1.03.2012

Veggie Enchiladas



This is one of the most delicious things I have made at home in a long time. They are healthy, can be easily be vegan, super satisfying, and perfect for a comforting winter time meal. In short... You should make these, as soon as possible! 

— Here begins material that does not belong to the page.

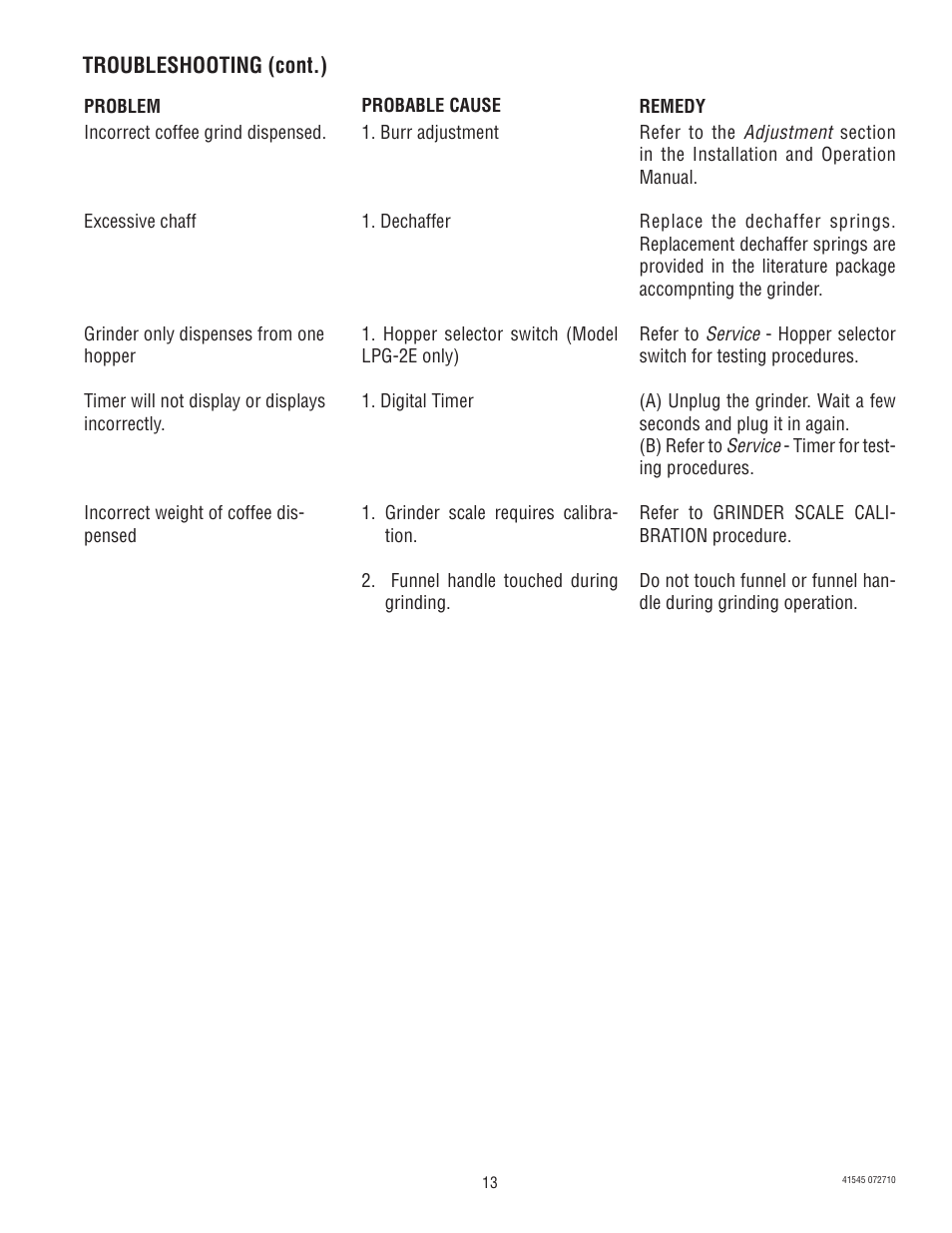 Bunn G9-2T DBC User Manual | Page 13 / 79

My inspiration and guidance for this recipe came from the lovely Angela. I just altered a couple of things for the enchiladas, but the avocado cream sauce is all hers and it is SO good.

Veggie Enchiladas
Yields 8 enchiladas (8 servings)

What you need:
1 T. olive oil
1 sweet onion- chopped
3 garlic cloves- minced
2 small sweet potatoes (about 2 cups)- chopped
2 bell peppers- chopped
2.5 cups cooked black beans
1 big can of tomato puree (28 oz.)
1 can of Original Rotel (14 oz.)- drained
2 T. lime juice
1.5 t. cumin
1/2 - 1 t. chipotle chili powder
1/2 t. garlic powder
2 T. cocoa powder
8 whole grain tortillas (I love the Food for Like Ezekiel kind)
cheddar cheese- optional
*note*- I like mine reasonably spicy, these had a good heat to them, but not overwhelming. My Mom is not big on spicy and she still enjoyed them. My Dad loves spicy and he thought they were spicy enough. I hope that helps!

Make em':
1. Bring small pot of water to a boil, add chopped sweet potatoes, simmer for about 5-10 min, or until you can stick a fork into them
2. In a large pot, saute onion in oil over medium heat for about 5 min, until onions are translucent
3. Add garlic, peppers, and spices. Cook for another 5-7 min. on medium to low heat, until peppers are tender. 
4. Cut the heat off and add cooked sweet potatoes, black beans, tomato puree, Rotel, and lime juice. Taste and adjust seasonings. It will be saucy but not enough so that it looks like chili. 
5. Get out two 9x9 baking dishes. Spread a layer of sauce on the bottom of the pans. Fill each tortilla to the ends, wrap up and place each fold down. Put a layer of sauce on top of all the tortillas once they are filled. Top with shredded cheddar cheese if you wish. Cover with aluminum foil and bake covered at 350 degrees for 18 minutes. Uncover and bake for another 5 minutes.
6. Enjoy with the Avocado Cream Sauce on top or on the side!